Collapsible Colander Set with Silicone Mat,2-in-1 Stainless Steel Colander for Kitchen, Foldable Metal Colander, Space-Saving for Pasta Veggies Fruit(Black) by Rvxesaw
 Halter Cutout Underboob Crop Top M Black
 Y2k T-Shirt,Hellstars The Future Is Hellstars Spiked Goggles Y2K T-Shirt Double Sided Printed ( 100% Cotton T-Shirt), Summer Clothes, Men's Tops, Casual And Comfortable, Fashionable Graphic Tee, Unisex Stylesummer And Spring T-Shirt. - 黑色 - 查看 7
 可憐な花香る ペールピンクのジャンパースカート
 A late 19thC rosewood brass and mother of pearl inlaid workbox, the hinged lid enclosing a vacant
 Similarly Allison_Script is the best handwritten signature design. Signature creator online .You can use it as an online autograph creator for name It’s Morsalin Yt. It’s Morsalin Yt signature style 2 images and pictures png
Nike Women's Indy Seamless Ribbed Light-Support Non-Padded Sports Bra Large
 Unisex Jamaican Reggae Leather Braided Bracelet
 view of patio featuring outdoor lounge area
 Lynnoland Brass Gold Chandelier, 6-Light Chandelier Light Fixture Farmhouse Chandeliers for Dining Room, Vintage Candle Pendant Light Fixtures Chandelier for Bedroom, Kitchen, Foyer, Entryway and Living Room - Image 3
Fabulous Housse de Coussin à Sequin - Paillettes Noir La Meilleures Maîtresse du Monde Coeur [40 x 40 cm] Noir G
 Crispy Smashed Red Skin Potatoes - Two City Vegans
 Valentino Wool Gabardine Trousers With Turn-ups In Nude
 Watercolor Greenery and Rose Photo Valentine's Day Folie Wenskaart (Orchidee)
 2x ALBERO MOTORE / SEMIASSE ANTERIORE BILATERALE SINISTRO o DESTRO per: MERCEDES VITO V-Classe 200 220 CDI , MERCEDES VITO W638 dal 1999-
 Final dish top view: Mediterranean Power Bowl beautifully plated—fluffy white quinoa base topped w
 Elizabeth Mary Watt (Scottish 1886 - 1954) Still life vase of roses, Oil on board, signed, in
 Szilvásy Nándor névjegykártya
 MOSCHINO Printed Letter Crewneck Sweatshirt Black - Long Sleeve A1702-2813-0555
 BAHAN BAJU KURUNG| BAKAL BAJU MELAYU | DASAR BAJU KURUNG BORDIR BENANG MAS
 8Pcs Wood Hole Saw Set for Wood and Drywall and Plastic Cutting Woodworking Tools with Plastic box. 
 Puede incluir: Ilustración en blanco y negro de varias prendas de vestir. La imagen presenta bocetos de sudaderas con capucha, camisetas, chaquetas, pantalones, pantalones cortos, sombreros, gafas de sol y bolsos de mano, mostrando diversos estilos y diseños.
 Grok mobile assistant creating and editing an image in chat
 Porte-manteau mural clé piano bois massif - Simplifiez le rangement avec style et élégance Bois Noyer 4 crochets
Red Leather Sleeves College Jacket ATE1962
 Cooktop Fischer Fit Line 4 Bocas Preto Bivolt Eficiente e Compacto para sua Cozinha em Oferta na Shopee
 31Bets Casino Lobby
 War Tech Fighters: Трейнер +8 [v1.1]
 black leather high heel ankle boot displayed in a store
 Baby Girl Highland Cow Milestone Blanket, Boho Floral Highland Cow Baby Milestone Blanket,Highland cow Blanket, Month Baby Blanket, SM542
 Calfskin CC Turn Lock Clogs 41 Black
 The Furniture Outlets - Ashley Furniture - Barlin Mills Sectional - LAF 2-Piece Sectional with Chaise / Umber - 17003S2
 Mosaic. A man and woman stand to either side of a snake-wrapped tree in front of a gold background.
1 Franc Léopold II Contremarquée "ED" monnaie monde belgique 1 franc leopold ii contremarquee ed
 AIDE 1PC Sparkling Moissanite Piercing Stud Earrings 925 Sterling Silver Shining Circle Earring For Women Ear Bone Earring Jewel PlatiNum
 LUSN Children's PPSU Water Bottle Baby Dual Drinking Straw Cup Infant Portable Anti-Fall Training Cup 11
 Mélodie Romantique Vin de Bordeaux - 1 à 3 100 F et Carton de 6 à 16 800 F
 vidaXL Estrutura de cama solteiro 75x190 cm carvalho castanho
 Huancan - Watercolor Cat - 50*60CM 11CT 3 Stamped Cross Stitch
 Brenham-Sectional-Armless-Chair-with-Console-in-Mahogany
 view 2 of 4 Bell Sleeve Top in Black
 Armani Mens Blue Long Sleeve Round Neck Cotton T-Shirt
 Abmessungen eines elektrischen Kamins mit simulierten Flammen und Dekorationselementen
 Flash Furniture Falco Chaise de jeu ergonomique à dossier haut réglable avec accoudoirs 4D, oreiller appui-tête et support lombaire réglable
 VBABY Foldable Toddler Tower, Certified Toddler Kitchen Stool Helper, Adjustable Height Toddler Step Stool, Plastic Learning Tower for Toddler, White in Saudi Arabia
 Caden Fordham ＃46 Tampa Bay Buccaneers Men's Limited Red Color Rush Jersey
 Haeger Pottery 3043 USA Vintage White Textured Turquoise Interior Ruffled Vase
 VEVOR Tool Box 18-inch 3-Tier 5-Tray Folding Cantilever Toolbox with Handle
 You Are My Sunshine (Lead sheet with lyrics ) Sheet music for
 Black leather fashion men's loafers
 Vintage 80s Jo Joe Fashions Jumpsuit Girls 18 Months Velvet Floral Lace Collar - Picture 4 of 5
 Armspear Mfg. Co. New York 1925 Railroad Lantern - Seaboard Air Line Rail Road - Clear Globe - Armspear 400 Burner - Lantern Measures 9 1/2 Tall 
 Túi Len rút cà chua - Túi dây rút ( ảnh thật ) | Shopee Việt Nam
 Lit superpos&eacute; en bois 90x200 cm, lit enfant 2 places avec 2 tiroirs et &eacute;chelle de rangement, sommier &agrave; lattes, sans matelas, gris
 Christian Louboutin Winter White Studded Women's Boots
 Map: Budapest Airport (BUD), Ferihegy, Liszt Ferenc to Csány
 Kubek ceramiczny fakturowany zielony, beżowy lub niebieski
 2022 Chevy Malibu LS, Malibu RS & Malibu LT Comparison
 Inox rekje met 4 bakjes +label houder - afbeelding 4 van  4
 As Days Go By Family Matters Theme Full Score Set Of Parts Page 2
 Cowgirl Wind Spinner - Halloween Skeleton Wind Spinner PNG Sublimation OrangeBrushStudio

*WORK ORDER*: Please give an exact copy of the entries above, from the line with "LUSN Children's PPSU" down to the line with "vidaXL Estrutura de", inclusive, and nothing else.

*TASK OUTPUT*:
 LUSN Children's PPSU Water Bottle Baby Dual Drinking Straw Cup Infant Portable Anti-Fall Training Cup 11
 Mélodie Romantique Vin de Bordeaux - 1 à 3 100 F et Carton de 6 à 16 800 F
 vidaXL Estrutura de cama solteiro 75x190 cm carvalho castanho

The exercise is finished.